---- Entries supplied

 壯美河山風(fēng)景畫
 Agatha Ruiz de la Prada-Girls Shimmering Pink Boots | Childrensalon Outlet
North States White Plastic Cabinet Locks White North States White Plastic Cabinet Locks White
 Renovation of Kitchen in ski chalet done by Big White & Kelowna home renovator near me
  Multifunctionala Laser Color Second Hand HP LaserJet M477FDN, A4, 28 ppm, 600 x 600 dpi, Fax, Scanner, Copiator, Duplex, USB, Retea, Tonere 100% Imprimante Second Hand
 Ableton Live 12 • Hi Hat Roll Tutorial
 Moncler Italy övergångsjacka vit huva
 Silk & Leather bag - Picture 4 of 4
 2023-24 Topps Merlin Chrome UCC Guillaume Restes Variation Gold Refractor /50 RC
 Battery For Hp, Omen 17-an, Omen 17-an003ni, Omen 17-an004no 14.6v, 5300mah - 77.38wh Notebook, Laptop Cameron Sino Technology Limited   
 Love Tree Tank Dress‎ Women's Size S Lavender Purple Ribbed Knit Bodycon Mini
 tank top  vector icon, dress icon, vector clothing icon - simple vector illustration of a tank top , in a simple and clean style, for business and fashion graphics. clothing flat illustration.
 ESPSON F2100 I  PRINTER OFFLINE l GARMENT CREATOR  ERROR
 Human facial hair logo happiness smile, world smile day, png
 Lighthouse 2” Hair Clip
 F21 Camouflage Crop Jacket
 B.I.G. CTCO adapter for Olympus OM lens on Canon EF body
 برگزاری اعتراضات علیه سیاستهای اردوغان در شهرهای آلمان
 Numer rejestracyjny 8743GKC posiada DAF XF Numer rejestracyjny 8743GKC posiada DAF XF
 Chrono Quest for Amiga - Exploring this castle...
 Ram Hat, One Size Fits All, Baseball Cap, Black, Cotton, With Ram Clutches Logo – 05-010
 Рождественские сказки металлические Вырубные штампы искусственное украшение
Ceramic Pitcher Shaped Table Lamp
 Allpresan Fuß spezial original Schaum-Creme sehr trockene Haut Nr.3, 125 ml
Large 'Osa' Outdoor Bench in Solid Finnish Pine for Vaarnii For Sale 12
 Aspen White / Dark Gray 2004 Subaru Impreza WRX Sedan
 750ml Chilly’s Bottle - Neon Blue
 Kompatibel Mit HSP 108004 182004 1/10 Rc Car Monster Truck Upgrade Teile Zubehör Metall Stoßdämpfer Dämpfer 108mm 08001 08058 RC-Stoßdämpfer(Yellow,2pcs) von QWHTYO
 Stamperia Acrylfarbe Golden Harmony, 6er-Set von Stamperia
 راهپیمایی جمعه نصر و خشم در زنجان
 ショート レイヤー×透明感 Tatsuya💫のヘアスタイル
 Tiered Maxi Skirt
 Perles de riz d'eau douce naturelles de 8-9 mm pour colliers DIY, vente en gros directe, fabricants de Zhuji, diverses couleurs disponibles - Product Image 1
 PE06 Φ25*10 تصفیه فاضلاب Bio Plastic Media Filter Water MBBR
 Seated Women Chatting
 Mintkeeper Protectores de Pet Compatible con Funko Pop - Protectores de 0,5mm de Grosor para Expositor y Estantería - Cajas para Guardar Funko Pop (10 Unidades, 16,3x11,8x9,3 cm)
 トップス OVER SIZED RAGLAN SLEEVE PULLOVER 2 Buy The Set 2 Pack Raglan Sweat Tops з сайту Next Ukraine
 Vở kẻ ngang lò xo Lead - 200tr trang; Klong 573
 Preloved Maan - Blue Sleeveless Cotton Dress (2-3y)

--------

What you should do: Repeat the listing in its entirety, keeping each line as it is.

Exercise result:
 壯美河山風(fēng)景畫
 Agatha Ruiz de la Prada-Girls Shimmering Pink Boots | Childrensalon Outlet
North States White Plastic Cabinet Locks White North States White Plastic Cabinet Locks White
 Renovation of Kitchen in ski chalet done by Big White & Kelowna home renovator near me
  Multifunctionala Laser Color Second Hand HP LaserJet M477FDN, A4, 28 ppm, 600 x 600 dpi, Fax, Scanner, Copiator, Duplex, USB, Retea, Tonere 100% Imprimante Second Hand
 Ableton Live 12 • Hi Hat Roll Tutorial
 Moncler Italy övergångsjacka vit huva
 Silk & Leather bag - Picture 4 of 4
 2023-24 Topps Merlin Chrome UCC Guillaume Restes Variation Gold Refractor /50 RC
 Battery For Hp, Omen 17-an, Omen 17-an003ni, Omen 17-an004no 14.6v, 5300mah - 77.38wh Notebook, Laptop Cameron Sino Technology Limited   
 Love Tree Tank Dress‎ Women's Size S Lavender Purple Ribbed Knit Bodycon Mini
 tank top  vector icon, dress icon, vector clothing icon - simple vector illustration of a tank top , in a simple and clean style, for business and fashion graphics. clothing flat illustration.
 ESPSON F2100 I  PRINTER OFFLINE l GARMENT CREATOR  ERROR
 Human facial hair logo happiness smile, world smile day, png
 Lighthouse 2” Hair Clip
 F21 Camouflage Crop Jacket
 B.I.G. CTCO adapter for Olympus OM lens on Canon EF body
 برگزاری اعتراضات علیه سیاستهای اردوغان در شهرهای آلمان
 Numer rejestracyjny 8743GKC posiada DAF XF Numer rejestracyjny 8743GKC posiada DAF XF
 Chrono Quest for Amiga - Exploring this castle...
 Ram Hat, One Size Fits All, Baseball Cap, Black, Cotton, With Ram Clutches Logo – 05-010
 Рождественские сказки металлические Вырубные штампы искусственное украшение
Ceramic Pitcher Shaped Table Lamp
 Allpresan Fuß spezial original Schaum-Creme sehr trockene Haut Nr.3, 125 ml
Large 'Osa' Outdoor Bench in Solid Finnish Pine for Vaarnii For Sale 12
 Aspen White / Dark Gray 2004 Subaru Impreza WRX Sedan
 750ml Chilly’s Bottle - Neon Blue
 Kompatibel Mit HSP 108004 182004 1/10 Rc Car Monster Truck Upgrade Teile Zubehör Metall Stoßdämpfer Dämpfer 108mm 08001 08058 RC-Stoßdämpfer(Yellow,2pcs) von QWHTYO
 Stamperia Acrylfarbe Golden Harmony, 6er-Set von Stamperia
 راهپیمایی جمعه نصر و خشم در زنجان
 ショート レイヤー×透明感 Tatsuya💫のヘアスタイル
 Tiered Maxi Skirt
 Perles de riz d'eau douce naturelles de 8-9 mm pour colliers DIY, vente en gros directe, fabricants de Zhuji, diverses couleurs disponibles - Product Image 1
 PE06 Φ25*10 تصفیه فاضلاب Bio Plastic Media Filter Water MBBR
 Seated Women Chatting
 Mintkeeper Protectores de Pet Compatible con Funko Pop - Protectores de 0,5mm de Grosor para Expositor y Estantería - Cajas para Guardar Funko Pop (10 Unidades, 16,3x11,8x9,3 cm)
 トップス OVER SIZED RAGLAN SLEEVE PULLOVER 2 Buy The Set 2 Pack Raglan Sweat Tops з сайту Next Ukraine
 Vở kẻ ngang lò xo Lead - 200tr trang; Klong 573
 Preloved Maan - Blue Sleeveless Cotton Dress (2-3y)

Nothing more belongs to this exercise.